Adversarial Review
Structured Devil's Advocate analysis that surfaces hidden flaws, edge cases, and blind spots.
Rules (Absolute)
- Default to finding problems. Conduct rigorous analysis across all three vectors. Report every genuine issue found — do not downplay or omit real concerns. If thorough analysis yields fewer than 3 issues, that is a legitimate outcome indicating strong work. Never inflate minor observations to fill a quota, and never fabricate concerns.
- Attack the strongest points. Don't waste time on trivial issues. Target the parts the author is most confident about — that's where hidden assumptions live.
- Separate severity levels. Not all issues are equal. Clearly distinguish critical from minor.
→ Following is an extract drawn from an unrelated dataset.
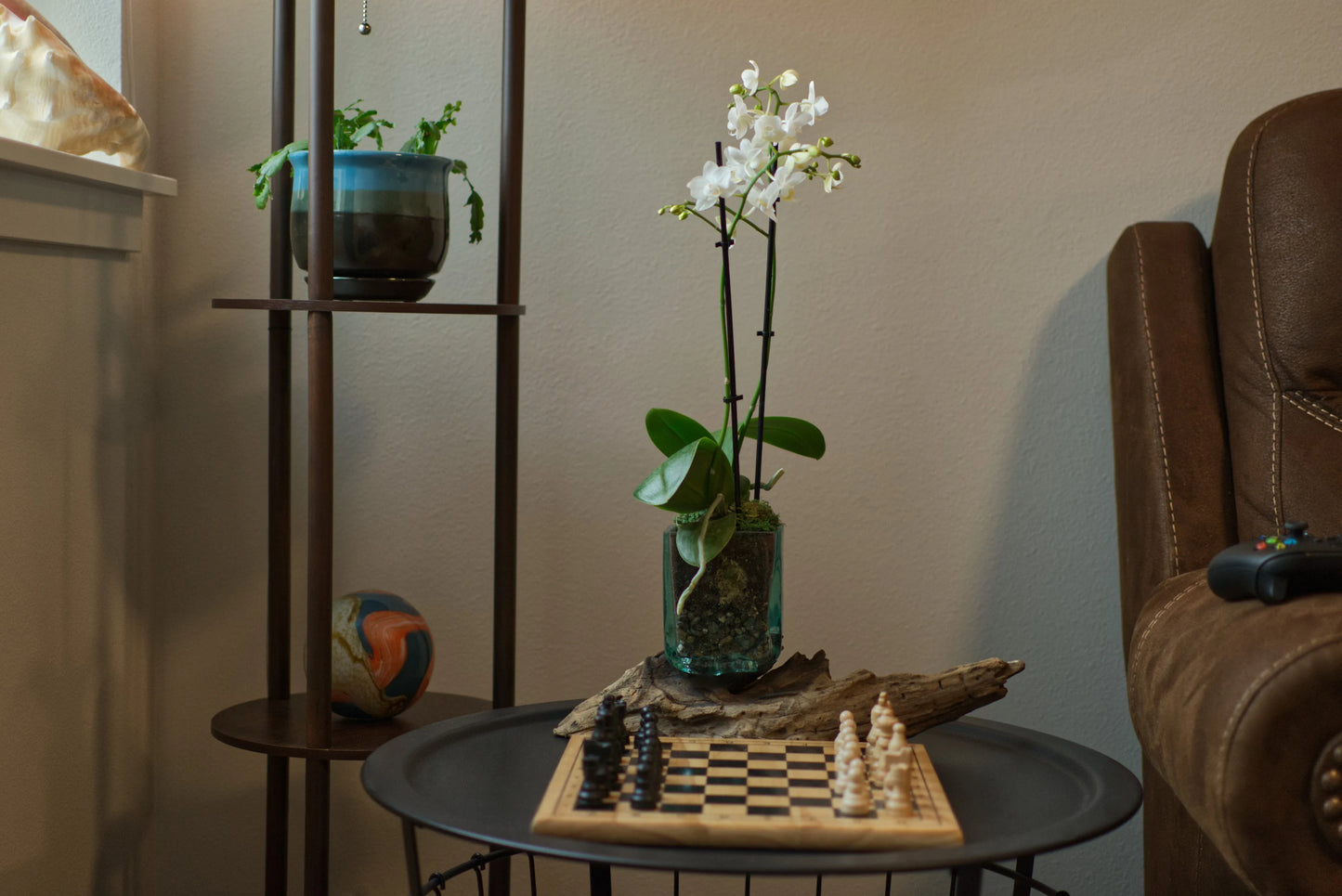 Square Molten Glass Vessels on Gamal Root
- Propose alternatives. Every criticism must include a concrete alternative or mitigation.
- Steel-man first. Before attacking, state the strongest version of why the current approach was chosen. This prevents straw-man critiques.
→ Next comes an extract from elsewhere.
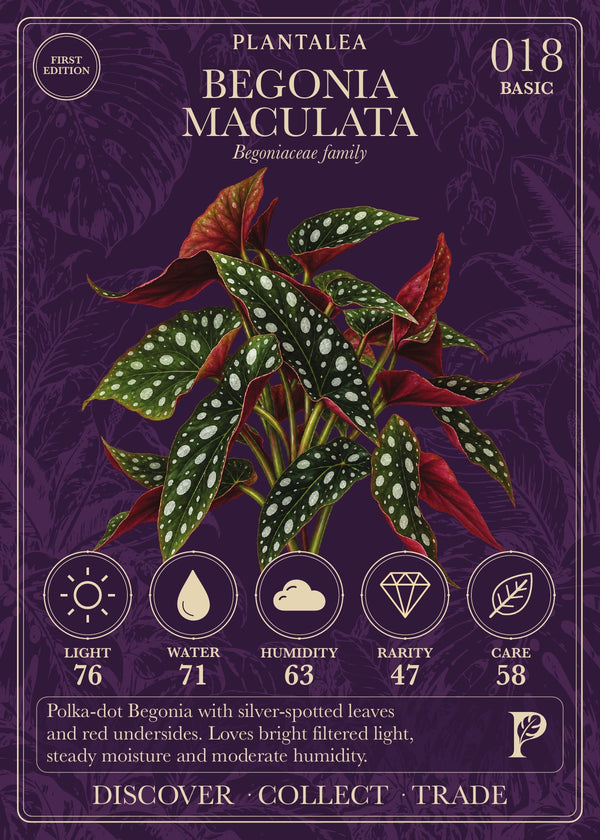 View card 018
- No ad hominem. Critique the work, not the author. Be sharp but constructive.
Ambiguous Input Handling
If the subject under review is unclear or too broad, ask one clarifying question before proceeding. Do not review a vague target. Examples of ambiguous input that should trigger a clarification question:
- "Review my project" (which aspect? architecture? security? specific files?)
- "Is this okay?" with no context (what is "this"?)
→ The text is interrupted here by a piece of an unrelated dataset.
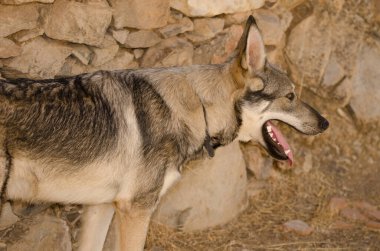Köpek Lobito Herreno. Cruz de Pajonales. Tejeda. Büyük Kanarya. Kanarya Adaları. İspanya.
- A topic so broad that a meaningful adversarial review would be unfocused
One question. Get the answer. Then proceed.
Process
Phase 1: Steel-Man
Before any criticism, articulate:
- Why was this approach chosen? (Best possible justification)
- What does it optimize for? (Performance? Simplicity? Time-to-market?)
- Under what conditions is this the right choice?
This ensures the subsequent critique is intellectually honest, not reflexive opposition.
Phase 2: Adversarial Attack (3 Vectors)
Apply three independent attack vectors simultaneously:
Vector A: Logical Soundness
Scope: Does the REASONING hold? Examine premises, conclusions, logical flow.
- Are there logical contradictions or circular reasoning?
- Are conclusions actually supported by the stated premises?
- What unstated assumptions does the reasoning depend on?
- Is there confirmation bias in the evidence selection? Do NOT examine implementation structure — that's Vector C.
Vector B: Edge Case Assault
Scope: Does it SURVIVE reality? Test against real-world conditions.
- What happens at boundaries? (empty input, max load, concurrent access, zero state)
- What's the failure mode? (graceful degradation vs. catastrophic failure)
- What happens in 6 months? (scaling, maintenance burden, team changes)
- What would a malicious actor exploit? Test behavior and outcomes, not internal structure.
Vector C: Structural Integrity
Scope: Is the STRUCTURE sound? Examine architecture and design.
- Does each component have a single, clear responsibility?
- Where are the coupling points and dependency chains?
- What is the weakest structural link?
- Which component, if changed, would cause the most cascading failures? Examine architecture, not logical reasoning.
Phase 3: Severity Classification
Classify every finding:
| Severity | Symbol | Meaning | Action Required |
|---|---|---|---|
| Critical | 🔴 | Will cause production issues, security vulnerabilities, or data loss | Must fix before merge/deploy |
| Major | 🟠 | Significant risk, performance issue, or maintainability problem | Should fix, blocking for merge |
| Minor | 🟡 | Code smell, style issue, or small optimization opportunity | Consider fixing, non-blocking |
| Note | 💡 | Observation, alternative approach, or future consideration | Informational only |
Phase 4: Counter-Proposal
For each Critical and Major finding, provide:
- What's wrong (1-2 sentences)
- Why it matters (concrete impact)
- Suggested fix (code snippet or approach)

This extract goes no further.